The polyglutamic acid (gamma-PGA) is an ideal drug carrier, has excellent biocompatibility, degradability, fibroblasticity and film forming property, and is also an excellent targeting drug carrier. Is a natural polymer material harmless to human body and environment. At present, the preparation of drug carriers by assembling gamma-polyglutamic acid with high molecular substances such as ethylene glycol, N-trimethyl chitosan and cholesterol has been reported, but the preparation of controllable nano-micelles by assembling gamma-polyglutamic acid with proteins has not been reported.
Disclosure of Invention
The invention aims to solve the technical problem of toxic operation process of polymerization reaction of sericin and Acrylic Acid (AA), and provides a preparation method and application of a non-toxic and pollution-free sericin and gamma-polyglutamic acid self-assembly nano micelle without any study on self-assembly between sericin and other proteins or polymers.

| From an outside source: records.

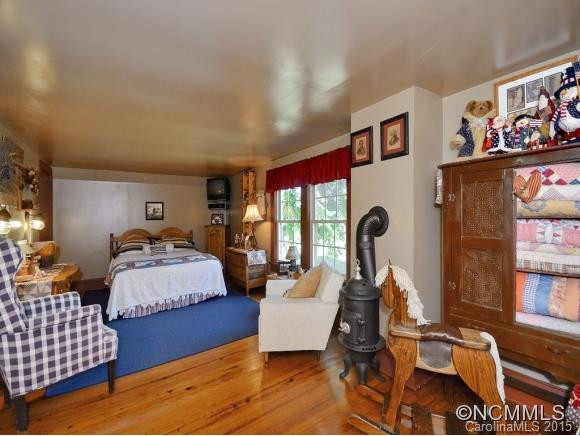 588 Green Valley Road - Photo 20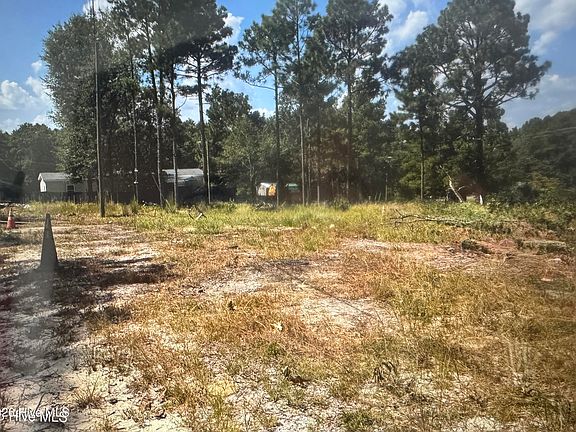 2nd image of 000 Wiregrass Road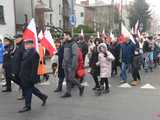 Narodowe Święto Niepodległości 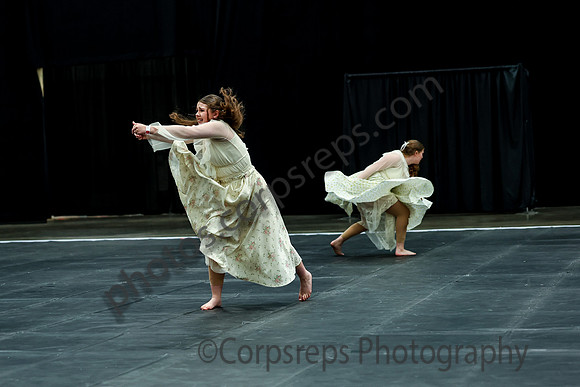 Wolf's Performing Arts Dance_250501_Wildwood-JB00865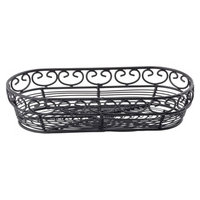 TableCraft BK21709 image 5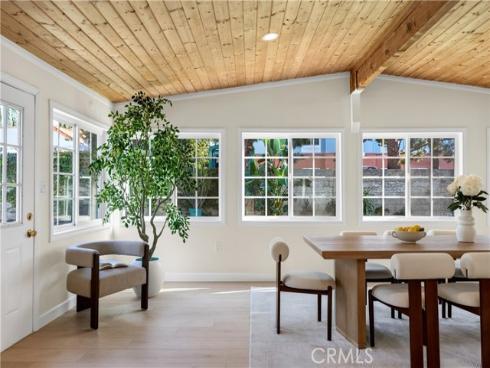 1524 E Briardale  , Orange, CA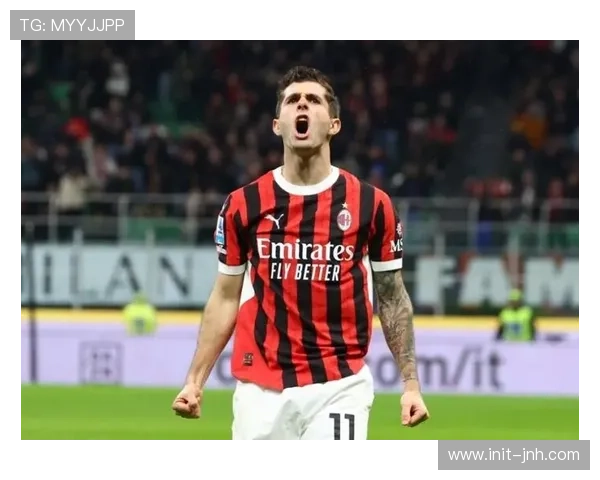 米兰德比战普利希奇补射破门，迈尼昂神扑点球成转折点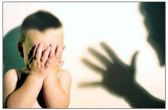 العنف الأسري ودور الحماية بمركز التنمية الاجتماعية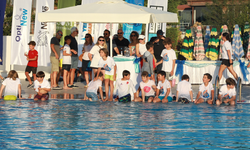 Atabay’dan Spora Sürdürülebilir Destek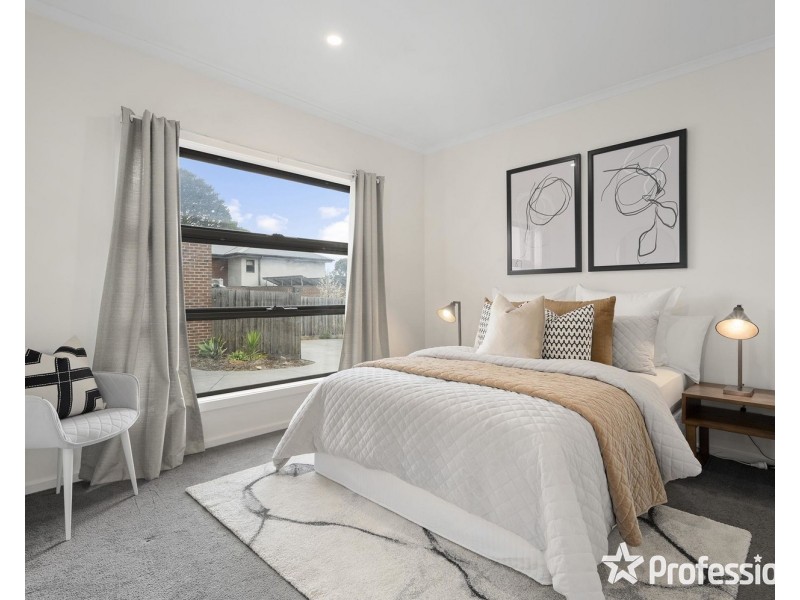 2 Preston Way, Healesville VIC 3777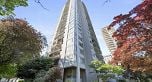 1401 1850 Comox Street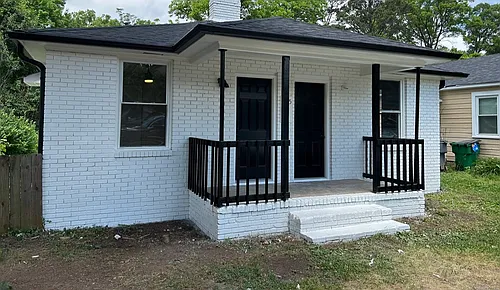 305 Orange St Photo 1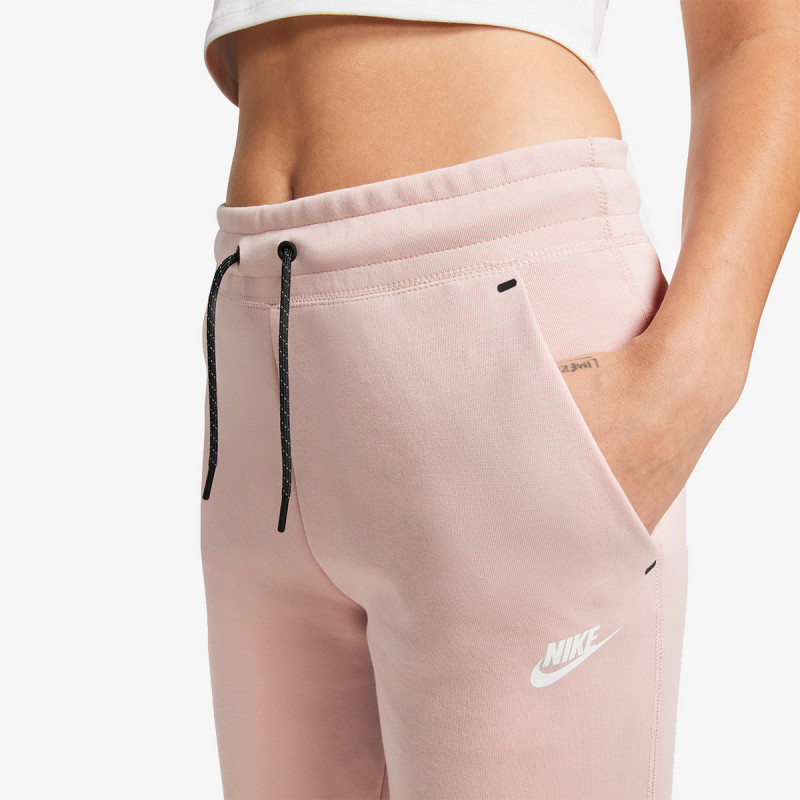 NIKE Pantaloni de trening SPORTSWEAR TECH FLEECE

In order to solve the technical problems, the invention adopts the following technical scheme: a preparation method of sericin and gamma-polyglutamic acid self-assembly nano-micelle comprises the following steps: 1): selecting sericin with the molecular weight of 12000-24000Da and gamma-polyglutamic acid with the molecular weight of 10-120 ku; 2) preparing a sericin solution and a gamma-polyglutamic acid solution with the same mass concentration: respectively dissolving sericin with the molecular weight of 12000-24000Da and gamma-polyglutamic acid with the molecular weight of 10-120ku in deionized water to prepare solutions with the same mass concentration and the range of 0.3-2%; 3) and preparing a sericin and gamma-polyglutamic acid self-assembly.
1) Selection and preparation of sericin and gamma-polyglutamic acid
To prepare nano-micelle by self-assembly, the sericin should be selected to ensure both sufficient bioactivity and relative water solubility of the protein molecule, otherwise, the water-soluble nano self-assembly cannot be prepared, and thus the application of the nano-micelle is limited. The molecular weight of the sericin is different from tens of thousands to more than 30 tens of thousands due to different extraction methods, the molecular weight of the easily soluble sericin is between 12000-24000Da, the molecular weight of the common sericin is between 50000-98000Da, and the solubility of the easily soluble sericin powder is much higher than that of the common sericin at low temperature and high temperature, so that very favorable conditions are created for the utilization of the sericin, and the sericin can be used for preparing various types of medical biomaterials. The nano-micelle prepared and used by the invention is used in a liquid environment, so the sericin with the molecular weight of 12000-24000Da is selected as one of the raw materials for preparing the self-assembly nano-micelle, and the sericin and the gamma-polyglutamic acid with the molecular weight range can be directly purchased.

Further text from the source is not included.